A preliminary report surrounding the December 2014 crash of AirAsia Flight QZ8501 has been submitted to the International Civil Aviation Organisation. However, its details, which were never made public, seem to have leaked and hinted of a computer glitch and pilot error as potential causes for the fatal crash that killed all 162 people on board.

Investigators looking into the crash theorised an outage of the twin Flight Augmentation Computers (FAC) may have occurred as the Airbus A320 jet climbed abruptly and then stalled. But the glitch isn’t the sole reason being probed into. The pilots’ reaction to such abnormality is also being considered.

At least two unidentified people “familiar with the matter” told Reuters they believed the FAC suffered a glitch on Dec 28. Without them, the pilots were rendered blind and thus would need to rely on experience and on manual flying skill abilities to control the wayward plane and put it into its proper position.

The FAC system of the Airbus A320 is responsible for “controlling rudder movements and helping to keep the airplane stable, as well detecting windshear, or sudden changes in wind speed or direction,” Reuters said. A report by Indonesian magazine Tempo, however, noted that particular aircraft’s computerised rudder system had actually been in a series of maintenance problems long before Flight QZ8501 got lost in the radar on Dec 28.

But assuming the two FACs did encounter a glitch, an unidentified Airbus spokesman maintained the aircraft “remains fully controllable” by its pilots. Which now puts the spotlight on the co-pilot who investigators believed was the one in control when the Airbus A320 began its dangerous ascent.

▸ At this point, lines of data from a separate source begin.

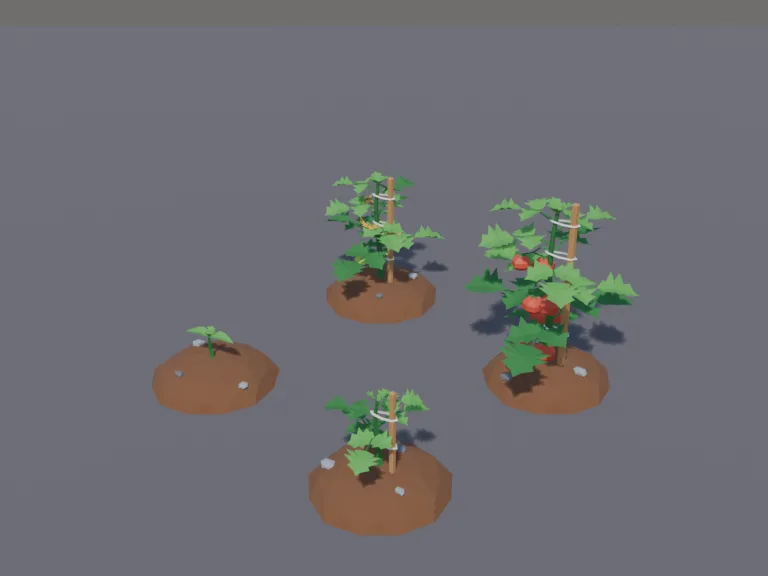 Tomato Plant Growth Stages, view 3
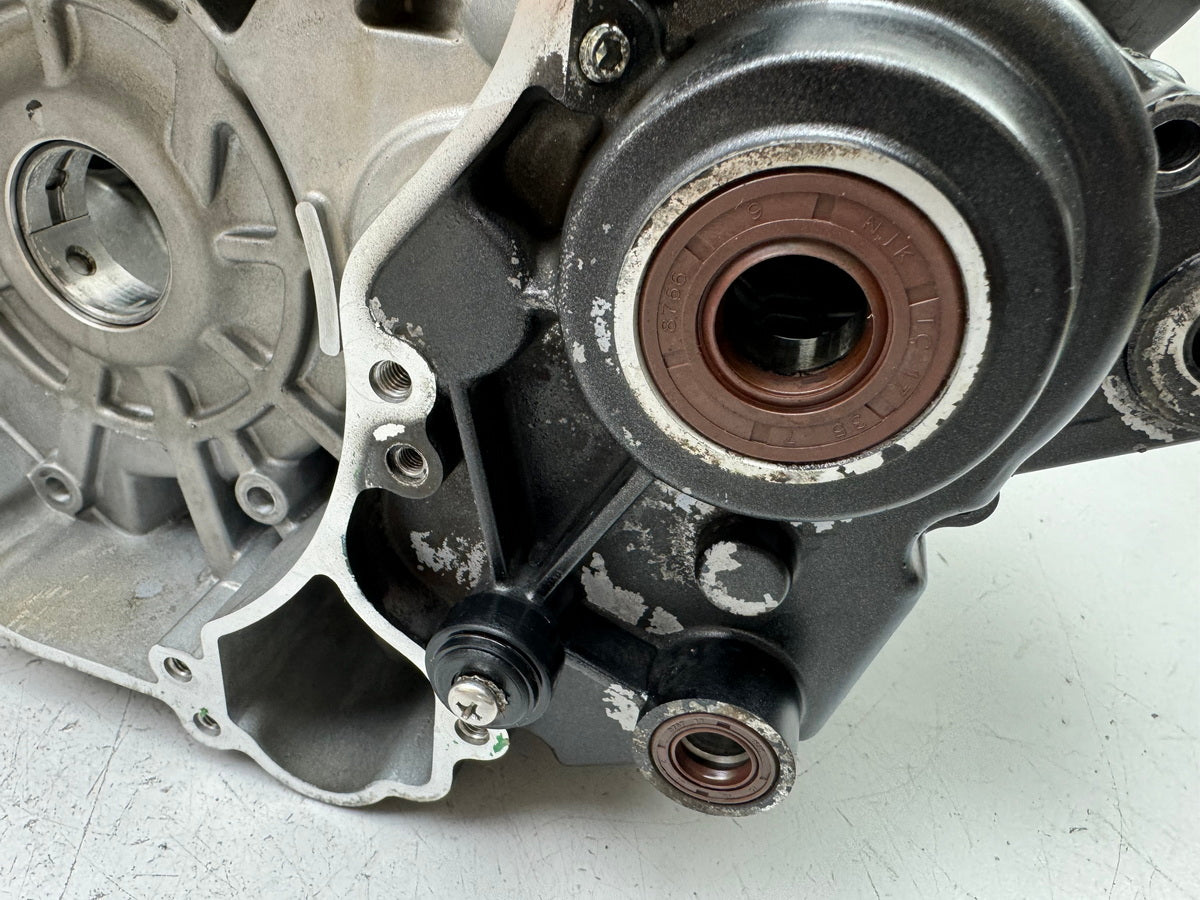 APRILIA RS 125 XA GP Replica Motorgehäuse Motorblock Kurbelgehäuse für Motor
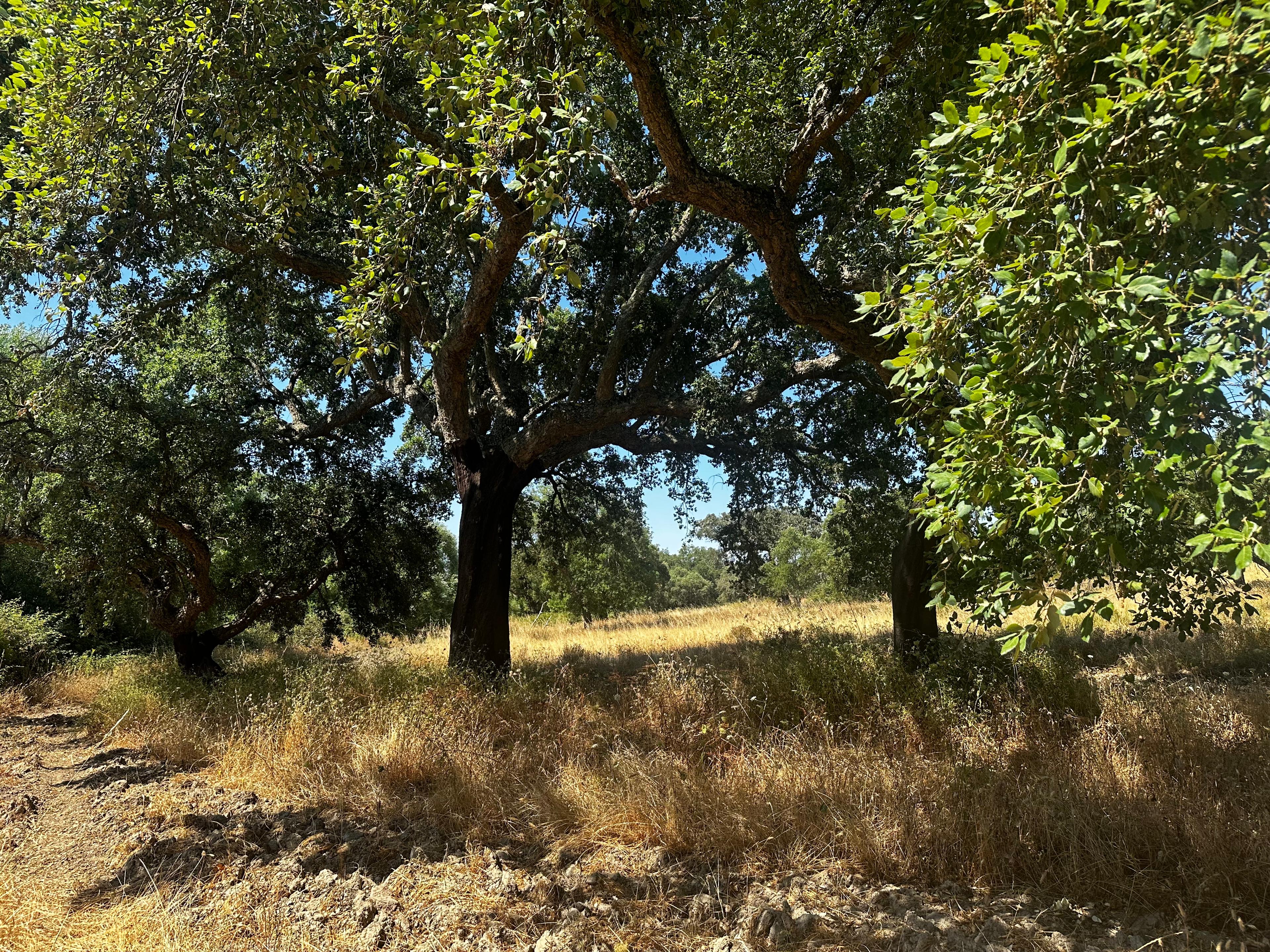 activity image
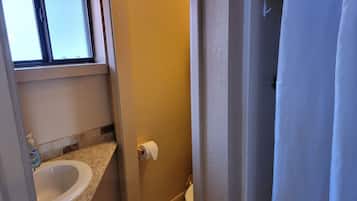 Une salle de bain équipée de toilettes, d’un lavabo et d’un rideau de douche.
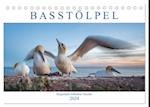Basstölpel - Helgolands tollkühne Taucher (Tischkalender 2024 DIN A5 quer), CALVENDO Monatskalender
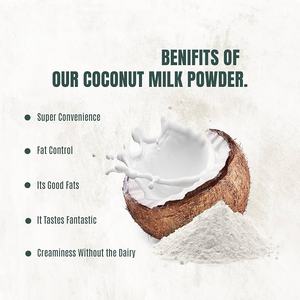 Fabrika kaynağı doğal hindistan cevizi su tozu Mct yağ tozu toplu organik hindistan cevizi sütü tozu - Product Image 6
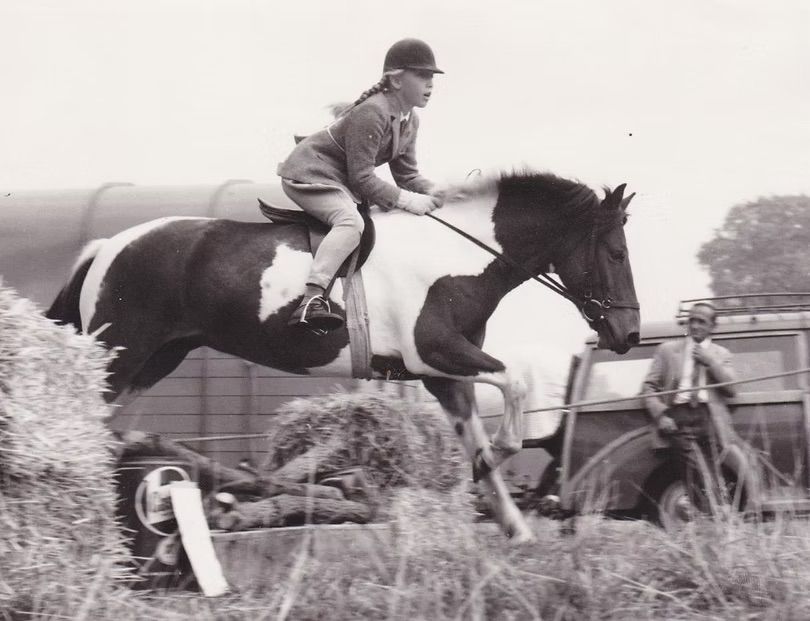 Black-and-white horse-and-rider clearing a jump in a field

A report by the Wall Street Journal said investigators believed it was First Officer Rémi-Emmanuel Plesel, a French national, who was in-charge of the controls then, flying the aircraft, trying to avoid a storm cell from Surabaya, Indonesia enroute to Singapore. While investigators suspect turbulence was a factor to the plane’s dramatic climb, it was also worthy to take note how the pilots tried to control and manage the situation with a malfunctioning FAC.

“The flight-data recorder … indicates the first officer’s control stick pulled the plane’s nose up. But it isn’t clear when those commands occurred in the sequence of events, or why they were initiated,” the WSJ report said. Co-pilot Plesel only had about 2,200 flight hours over roughly three years flying for AirAsia, compared to Captain Iriyanto who had logged 20,537 hours of flight time, 6,053 of which are with AirAsia. The latter was a former fighter pilot.

David Learmount, operations and safety editor for Flightglobal, in an article posted at Brisbane Times early in January 2015, said at least 1800 airline passengers and crew have been killed over the past two decades because “pilots simply lost control of their aircraft.”

A study by the US Federal Aviation Administration delved into the situation and found that training afforded to recent pilots are “somewhat incompatible with the way airplanes are built and designed today … there is a fundamental misunderstanding going on between man and machine."